- Many young British Jews have grown up with Kanye West’s tracks.
- But many have seen his words about Jewish people as highly offensive.
The US singer, who now runs by the name Ye, has encountered a backlash over a series of messy interviews and antisemitic social media uploads.
He recently lauded Nazi leader Adolf Hitler and was banned from Twitter for a second time after posting a picture showing a logo incorporating a swastika and a Jewish star.
Few Jews, if any, would now hear his political beliefs – and even those who were Kanye fans disagreed over whether to keep listening to his songs.
A reticent listener
“I’m not going to fib; it hurts my heart,” Louis Kay, a part-time song producer from Manchester, reveals to BBC Newsbeat.
“I was a fan of Kanye growing up and admired him as an artist, record maker and fashion architect.

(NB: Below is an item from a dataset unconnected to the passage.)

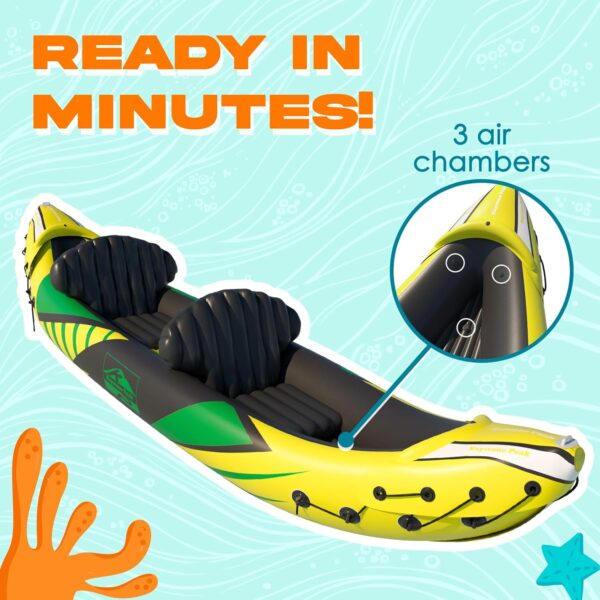 80CA57B3-59AE-950B-1A00-16E285F681A9.jpg KP Inflatable Kayak 2 Person with Sun Canopy (Detachable) + Kayaks for Adults + 3rd Seat for Dog/Child + Waterproof Phone Bags + Adjustable Seats + Kayak + Backrests & More + New 2024 + Yellow Green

“Now it’s like I’ve got an ex-boyfriend. I have so many joyful memories with him; some of his clothes are just left in my closet. I don’t know what to do with them.”
When West’s Life of Pablo album came out in 2016, Louis was encouraged.
The 22-year-old listened to it that summer while, like many 16-year-olds every year in the UK, he travelled to Israel as part of a Jewish juvenile group.
“But…” he says.
“When you find out your favourite singer is supporting the complete contrary of who you are and bombarding your race, culture, everything about you, it is upsetting.”
Although Louis continues to respect West’s Grammy Award-winning back record, he worries about the effect Ye’s eruptions could have on his community and his industry.
“I’ll keep hearing his songs in the few ways he can’t make any money, just out of interest.”